# P30 Making the switch: a triple win for patients, hospitals, and the planet

**Authors:** Ali Taki, Marisa Lanzman

PMC · DOI: 10.1093/jacamr/dlaf118.037 · JAC-Antimicrobial Resistance · 2025-07-14

## TL;DR

A pharmacist-led program improved switching patients from IV to oral antibiotics, reducing costs, workload, and environmental impact while addressing antimicrobial resistance.

## Contribution

A locally novel pharmacist-led IV-to-oral switch initiative that reduces inappropriate IV antibiotic use and total IV consumption.

## Key findings

- Pharmacist-led reviews increased IV-to-oral switching from 16.67% to 58.33% within 24 hours.
- Weekly IV antibiotic prescriptions decreased by 14.5%, projecting annual savings of £843,000 and 206,776 kg CO2 reduction.
- The intervention reduced nursing workload by freeing up 13 WTE staff annually.

## Abstract

Antimicrobial resistance (AMR) is a major global health threat, directly causing 1.27 million deaths in 2019. In the UK, bacterial infections were linked to 87 500 deaths, with the AMR burden rising by 3.5% between 2019 and 2023. The UK’s 2024 AMR Action Plan emphasizes antimicrobial stewardship (AMS), including IV-to-oral switch (IVOS) programmes, which improve patient safety, reduce costs, and enhance efficiency. However, local barriers such as clinician awareness and uncertainty about oral alternatives persist.

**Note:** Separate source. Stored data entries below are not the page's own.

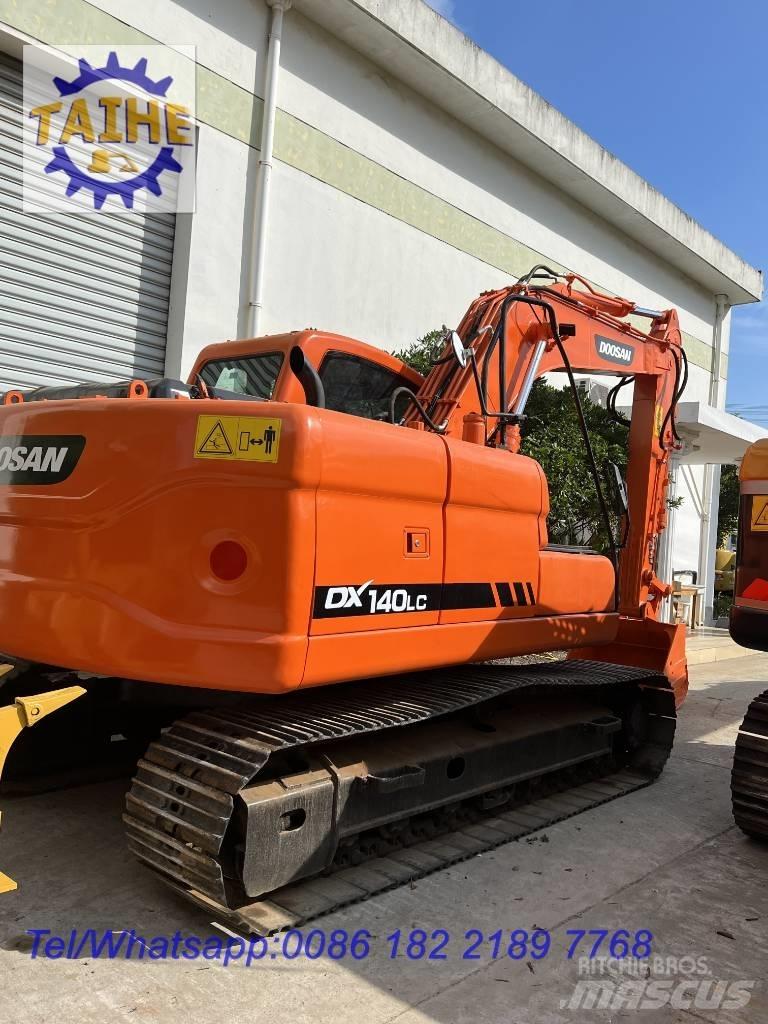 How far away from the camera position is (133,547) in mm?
3053

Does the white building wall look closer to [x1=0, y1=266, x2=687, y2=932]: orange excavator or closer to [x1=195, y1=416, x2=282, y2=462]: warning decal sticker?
[x1=0, y1=266, x2=687, y2=932]: orange excavator

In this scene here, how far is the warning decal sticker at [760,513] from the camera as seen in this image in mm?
3926

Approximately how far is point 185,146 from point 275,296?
1.62 metres

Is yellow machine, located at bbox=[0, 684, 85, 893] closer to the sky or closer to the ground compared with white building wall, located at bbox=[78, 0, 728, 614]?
closer to the ground

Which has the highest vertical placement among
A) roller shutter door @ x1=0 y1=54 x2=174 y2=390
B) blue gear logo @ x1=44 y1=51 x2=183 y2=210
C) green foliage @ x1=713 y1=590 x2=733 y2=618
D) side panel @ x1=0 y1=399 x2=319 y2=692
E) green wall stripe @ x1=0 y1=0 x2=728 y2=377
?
green wall stripe @ x1=0 y1=0 x2=728 y2=377

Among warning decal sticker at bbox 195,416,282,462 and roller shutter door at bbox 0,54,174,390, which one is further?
roller shutter door at bbox 0,54,174,390

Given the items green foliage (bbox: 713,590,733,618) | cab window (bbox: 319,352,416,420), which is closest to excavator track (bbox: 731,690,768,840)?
cab window (bbox: 319,352,416,420)

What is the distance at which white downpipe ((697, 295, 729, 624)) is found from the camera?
57.7ft

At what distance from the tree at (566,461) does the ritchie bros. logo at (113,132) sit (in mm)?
3169

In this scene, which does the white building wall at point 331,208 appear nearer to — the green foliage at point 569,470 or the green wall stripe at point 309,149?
the green wall stripe at point 309,149

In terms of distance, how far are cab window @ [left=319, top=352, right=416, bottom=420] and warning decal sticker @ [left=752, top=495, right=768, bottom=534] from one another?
188 centimetres

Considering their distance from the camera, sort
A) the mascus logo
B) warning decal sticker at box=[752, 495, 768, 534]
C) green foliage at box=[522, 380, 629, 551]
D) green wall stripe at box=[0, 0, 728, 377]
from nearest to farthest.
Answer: warning decal sticker at box=[752, 495, 768, 534], the mascus logo, green wall stripe at box=[0, 0, 728, 377], green foliage at box=[522, 380, 629, 551]

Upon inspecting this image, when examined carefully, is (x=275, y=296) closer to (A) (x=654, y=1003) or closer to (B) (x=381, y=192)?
(B) (x=381, y=192)

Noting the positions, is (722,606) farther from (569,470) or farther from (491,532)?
(491,532) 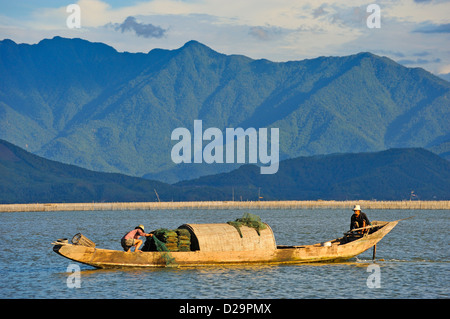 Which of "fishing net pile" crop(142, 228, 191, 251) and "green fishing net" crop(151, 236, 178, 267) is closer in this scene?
"green fishing net" crop(151, 236, 178, 267)

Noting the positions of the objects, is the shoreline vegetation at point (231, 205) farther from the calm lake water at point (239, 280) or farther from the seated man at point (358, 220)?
the seated man at point (358, 220)

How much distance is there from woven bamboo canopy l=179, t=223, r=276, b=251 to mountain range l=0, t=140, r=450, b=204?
138328mm

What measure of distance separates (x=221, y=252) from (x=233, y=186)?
161042mm

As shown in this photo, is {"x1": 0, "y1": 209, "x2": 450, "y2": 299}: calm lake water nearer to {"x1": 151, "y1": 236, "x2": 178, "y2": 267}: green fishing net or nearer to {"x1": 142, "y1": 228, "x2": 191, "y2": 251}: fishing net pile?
{"x1": 151, "y1": 236, "x2": 178, "y2": 267}: green fishing net

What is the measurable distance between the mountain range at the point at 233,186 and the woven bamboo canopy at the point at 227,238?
13833 cm

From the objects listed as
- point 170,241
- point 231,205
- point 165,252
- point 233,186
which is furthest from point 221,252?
point 233,186

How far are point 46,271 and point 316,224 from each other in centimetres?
4593

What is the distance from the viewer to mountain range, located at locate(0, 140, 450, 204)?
177 meters

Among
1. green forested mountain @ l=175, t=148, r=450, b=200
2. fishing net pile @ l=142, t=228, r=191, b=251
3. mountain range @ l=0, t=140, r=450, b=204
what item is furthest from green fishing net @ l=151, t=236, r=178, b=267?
green forested mountain @ l=175, t=148, r=450, b=200

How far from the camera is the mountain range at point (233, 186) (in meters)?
177

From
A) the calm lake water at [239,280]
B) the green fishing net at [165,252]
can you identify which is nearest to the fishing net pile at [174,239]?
the green fishing net at [165,252] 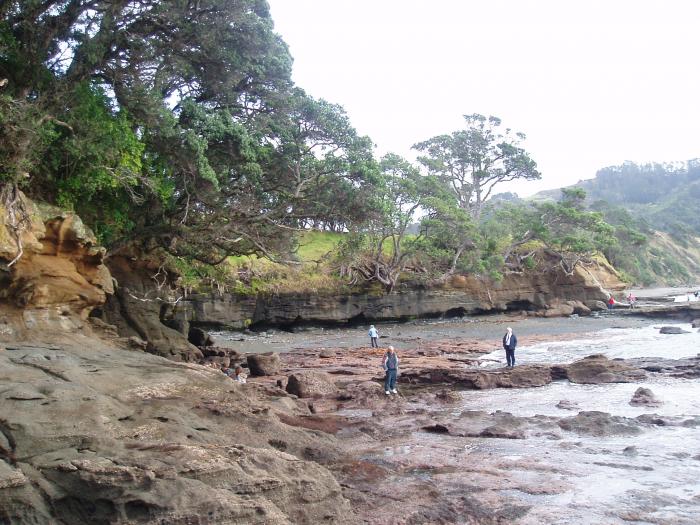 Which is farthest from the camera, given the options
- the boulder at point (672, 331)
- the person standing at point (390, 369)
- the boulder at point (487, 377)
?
the boulder at point (672, 331)

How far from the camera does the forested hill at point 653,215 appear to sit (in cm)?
9219

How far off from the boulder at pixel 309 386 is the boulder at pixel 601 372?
8112 millimetres

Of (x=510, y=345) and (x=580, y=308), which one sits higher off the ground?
(x=580, y=308)

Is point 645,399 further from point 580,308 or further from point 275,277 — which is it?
point 580,308

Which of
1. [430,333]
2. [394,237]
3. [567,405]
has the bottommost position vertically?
[430,333]

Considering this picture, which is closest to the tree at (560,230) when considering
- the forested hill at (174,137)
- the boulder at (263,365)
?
the forested hill at (174,137)

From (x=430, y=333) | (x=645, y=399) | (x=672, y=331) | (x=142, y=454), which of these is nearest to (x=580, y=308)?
(x=672, y=331)

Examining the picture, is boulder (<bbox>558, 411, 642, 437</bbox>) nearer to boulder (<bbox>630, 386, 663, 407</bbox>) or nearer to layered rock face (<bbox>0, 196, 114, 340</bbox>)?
A: boulder (<bbox>630, 386, 663, 407</bbox>)

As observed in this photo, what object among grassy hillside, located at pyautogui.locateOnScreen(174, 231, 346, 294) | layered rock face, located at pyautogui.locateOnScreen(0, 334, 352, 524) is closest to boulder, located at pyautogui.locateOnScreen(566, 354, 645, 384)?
layered rock face, located at pyautogui.locateOnScreen(0, 334, 352, 524)

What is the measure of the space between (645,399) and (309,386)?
357 inches

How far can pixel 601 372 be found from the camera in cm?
1769

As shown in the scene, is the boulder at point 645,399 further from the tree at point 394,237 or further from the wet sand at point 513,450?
the tree at point 394,237

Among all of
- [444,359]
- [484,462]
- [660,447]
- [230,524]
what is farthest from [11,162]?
[444,359]

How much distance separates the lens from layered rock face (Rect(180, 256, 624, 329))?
38250mm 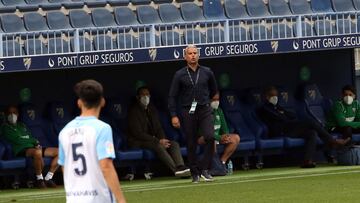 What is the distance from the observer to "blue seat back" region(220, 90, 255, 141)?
18.9 metres

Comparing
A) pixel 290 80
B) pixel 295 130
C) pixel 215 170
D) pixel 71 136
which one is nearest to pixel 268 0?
pixel 290 80

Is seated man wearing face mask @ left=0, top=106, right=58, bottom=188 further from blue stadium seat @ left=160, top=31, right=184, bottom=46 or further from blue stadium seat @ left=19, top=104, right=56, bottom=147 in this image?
blue stadium seat @ left=160, top=31, right=184, bottom=46

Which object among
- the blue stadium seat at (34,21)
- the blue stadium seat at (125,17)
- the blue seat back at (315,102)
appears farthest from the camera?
the blue stadium seat at (125,17)

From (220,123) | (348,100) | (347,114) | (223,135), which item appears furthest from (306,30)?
(223,135)

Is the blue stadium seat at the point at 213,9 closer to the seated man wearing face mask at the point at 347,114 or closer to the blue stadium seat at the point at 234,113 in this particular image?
the blue stadium seat at the point at 234,113

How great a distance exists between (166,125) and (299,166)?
8.15 feet

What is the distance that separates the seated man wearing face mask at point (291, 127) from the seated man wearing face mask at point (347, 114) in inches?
11.5

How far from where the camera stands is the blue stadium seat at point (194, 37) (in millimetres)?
18938

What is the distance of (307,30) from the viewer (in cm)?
1977

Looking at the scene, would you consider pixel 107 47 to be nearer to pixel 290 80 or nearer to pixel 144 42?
pixel 144 42

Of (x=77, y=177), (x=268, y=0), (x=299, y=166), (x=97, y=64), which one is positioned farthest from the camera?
(x=268, y=0)

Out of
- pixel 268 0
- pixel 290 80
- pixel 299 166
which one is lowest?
pixel 299 166

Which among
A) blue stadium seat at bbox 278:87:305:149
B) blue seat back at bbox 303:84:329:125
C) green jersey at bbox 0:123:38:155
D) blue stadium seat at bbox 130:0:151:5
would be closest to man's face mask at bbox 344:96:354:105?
blue seat back at bbox 303:84:329:125

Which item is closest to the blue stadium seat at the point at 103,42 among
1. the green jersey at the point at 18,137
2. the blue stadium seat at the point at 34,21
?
the green jersey at the point at 18,137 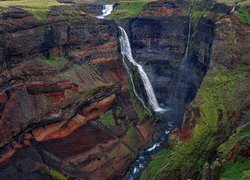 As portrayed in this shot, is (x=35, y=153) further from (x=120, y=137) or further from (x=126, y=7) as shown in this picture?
(x=126, y=7)

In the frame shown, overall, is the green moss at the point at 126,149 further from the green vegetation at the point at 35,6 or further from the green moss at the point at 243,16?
the green moss at the point at 243,16

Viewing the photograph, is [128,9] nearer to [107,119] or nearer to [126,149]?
[107,119]

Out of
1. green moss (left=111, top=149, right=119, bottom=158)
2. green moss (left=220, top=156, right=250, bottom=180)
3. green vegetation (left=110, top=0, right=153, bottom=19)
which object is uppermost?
green vegetation (left=110, top=0, right=153, bottom=19)

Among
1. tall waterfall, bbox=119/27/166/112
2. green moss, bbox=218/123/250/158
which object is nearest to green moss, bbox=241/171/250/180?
green moss, bbox=218/123/250/158

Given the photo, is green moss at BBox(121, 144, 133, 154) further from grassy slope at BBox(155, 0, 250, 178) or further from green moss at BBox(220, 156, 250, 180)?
green moss at BBox(220, 156, 250, 180)

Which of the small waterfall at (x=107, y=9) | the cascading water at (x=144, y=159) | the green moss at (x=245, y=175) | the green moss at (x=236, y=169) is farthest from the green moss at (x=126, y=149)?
the small waterfall at (x=107, y=9)

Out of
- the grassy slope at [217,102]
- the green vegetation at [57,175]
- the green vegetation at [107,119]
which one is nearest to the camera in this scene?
the grassy slope at [217,102] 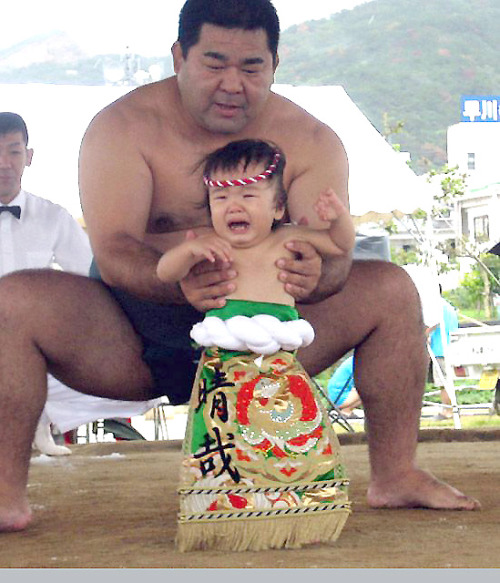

This project aimed to evaluate a pharmacist-led implementation of the UK Health Security Agency (UKHSA) IVOS decision aid to optimize IV antimicrobial prescribing. The primary objective was to reduce inappropriate IV antibiotic use; the secondary objective was to decrease overall IV antibiotic consumption.

This project used the Model for Improvement framework to optimize IV-to-oral antibiotic switching on acute medicine wards. A pre-intervention survey of pharmacists and physicians identified key barriers to IVOS, including low awareness of the UKHSA decision aid and uncertainty around suitable oral alternatives. Insights from the survey informed the intervention design. Daily pharmacist-led reviews were conducted for all patients on IV antibiotics, with IVOS recommendations documented using a standardized electronic proforma that incorporated the UKHSA decision aid. Two PDSA cycles were implemented: the first focused on pharmacist documentation; the second incorporated direct engagement with the medical team. Data collected at baseline and post intervention were analysed using LifeQI run charts to assess the proportion of eligible patients switched within 24 h, alongside changes in weekly IV antibiotic prescriptions.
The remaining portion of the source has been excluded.